Metagenome-Assembled Genomes of Pig Fecal Samples in Nine European Countries: Insights into Antibiotic Resistance Genes and Viruses

Abstract

Gut microbiota plays a crucial role in the health and productivity of pigs. However, the spread of antibiotic resistance genes (ARGs) and viruses within the pig intestinal microbiota poses significant threats to animal and public health. This study utilized 181 pig samples from nine European countries and employed metagenomic assembly methods to investigate the dynamics and distribution of ARGs and viruses within the pig intestinal microbiota, aiming to observing their associations with potential bacterial hosts. We identified 4605 metagenome-assembled genomes (MAGs), corresponding to 19 bacterial phyla, 97 families, 309 genera, and a total of 449 species. Additionally, 44 MAGs were classified as archaea. Analysis of ARGs revealed 276 ARG types across 21 ARG classes, with Glycopeptide being the most abundant ARG class, followed by the class of Multidrug. Treponema D sp016293915 was identified as a primary potential bacterial host for Glycopeptide. Aligning nucleotide sequences with a viral database, we identified 1044 viruses. Among the viral genome families, Peduoviridae and Intestiviridae were the most prevalent, with CAG-914 sp000437895 being the most common potential host species for both. These findings highlight the importance of MAGs in enhancing our understanding of the gut microbiome, revealing microbial diversity, antibiotic resistance, and virus-bacteria interactions. The data analysis for the article was based on the public dataset PRJEB22062 in the European Nucleotide Archive.

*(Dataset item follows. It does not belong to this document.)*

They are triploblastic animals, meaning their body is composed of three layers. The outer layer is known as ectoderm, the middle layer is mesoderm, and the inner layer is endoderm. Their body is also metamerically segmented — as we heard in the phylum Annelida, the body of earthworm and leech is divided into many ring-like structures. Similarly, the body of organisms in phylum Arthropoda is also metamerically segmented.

Keywords: antibiotic resistance genes; metagenome-assembled genomes; pig gut; viruses.

Figure 1

Phylogenetic tree of MAGs of pigs from nine European countries. Phylogenetic tree describing the relationships among MAGs in pig fecal samples from nine European countries, with each color corresponding to a different bacterial phylum.

Figure 2

Analysis of resistance genes in MAGs of pigs from nine European countries. (a) The TPM of major ARG classes across nine countries. (b) The TPM of major ARG types across nine countries. The axes from top to bottom are 13,753; 11,003; 8252; 5501; and 2751.

Figure 3

Analysis of ARGs and their potential bacterial hosts. (a) The bubble chart shows the relationships between ARG classes and their potential bacterial hosts. The sizes of the bubbles correspond to abundance, with larger bubbles representing ARG classes. Within each large bubble, three smaller bubbles represent the three most abundant potential bacterial hosts within that ARG class. (b) Chord diagram from potential bacterial hosts to ARG types. The thickness of the chords corresponds to abundance.

Figure 4

Heatmap of ARGs clustering in different hosts of five species. CM, SP, LC, SE, and WC correspond to Catenibacterium mitsuokai, Streptococcus pasteurianus, Latilactobacillus curvatus, Salmonella enterica, and Weissella cibaria, respectively. Each species is divided into four groups: EU (the MAGs in this article), human, pig, and wild (wild animals). For Catenibacterium mitsuokai, no data for wild animals were downloaded. The y-axis represents the ARG class. The “count” indicates the number of ARGs.

Figure 5

Analysis of viral genomes in MAGs of pigs from nine European countries. (a) Bar chart. Viral genomes with only one host were categorized as the Specialist group, and those with two or more hosts were categorized as the Generalist group. The x-axis represents the number of hosts, and the y-axis represents the number of viral genome types. The pie chart shows the methods, including CAT, Demovir, Kaiju, Phagcn, BLASTn, and GeNomad. (b) A percentage stacked bar chart shows the proportion of classified and unclassified viral genome families at the phylum level. (c) Sankey diagram. The first axis represents the viral genome family. The second axis represents the genus level, illustrating the relationship between bacterial genera and families.